The prerequisite work
Before most AI investments, there's a set of prerequisite questions worth working through honestly.
Is the relevant data being captured at all? In many businesses, the information that would make an AI feature genuinely useful isn't in any system — it's in emails, in spreadsheets, in people's memories. If that's the case, the first project is capturing the data, not building the AI.
Is the data consistent enough to be trusted? Inconsistent data — different formats, missing fields, duplicate records, conflicting values — produces inconsistent AI outputs. Cleaning and structuring data is unglamorous work. It's also often the highest-leverage thing a business can do before an AI investment.
Are the systems connected? AI features that synthesise across multiple data sources are often the most valuable. They're also the most likely to fail if those sources can't be queried together. Understanding the integration architecture before you design the AI feature saves significant rework.
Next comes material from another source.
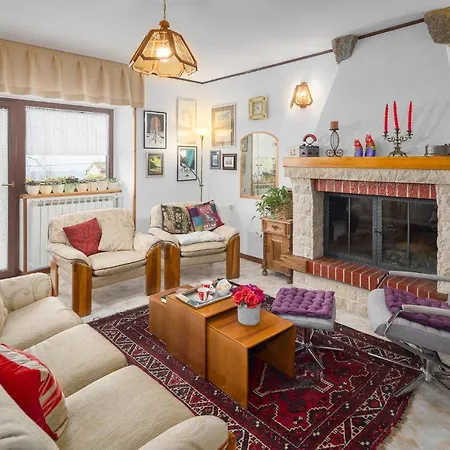 Pet Friendly In With Kitchen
What are the privacy and compliance constraints? In regulated industries — healthcare, financial services, legal — what data can be sent to an AI provider, stored, or surfaced to which users is a design constraint, not an afterthought. Building privacy in from the start is both the right approach and the practical one; retrofitting it is expensive.
The honest framing
AI is genuinely powerful. The businesses that get the most from it aren't necessarily the ones that move fastest or invest most. They're the ones that do the unglamorous work first — cleaning the data, connecting the systems, defining what good output looks like for a specific user in a specific moment.
The AI does the interesting part. But the data is what makes it work.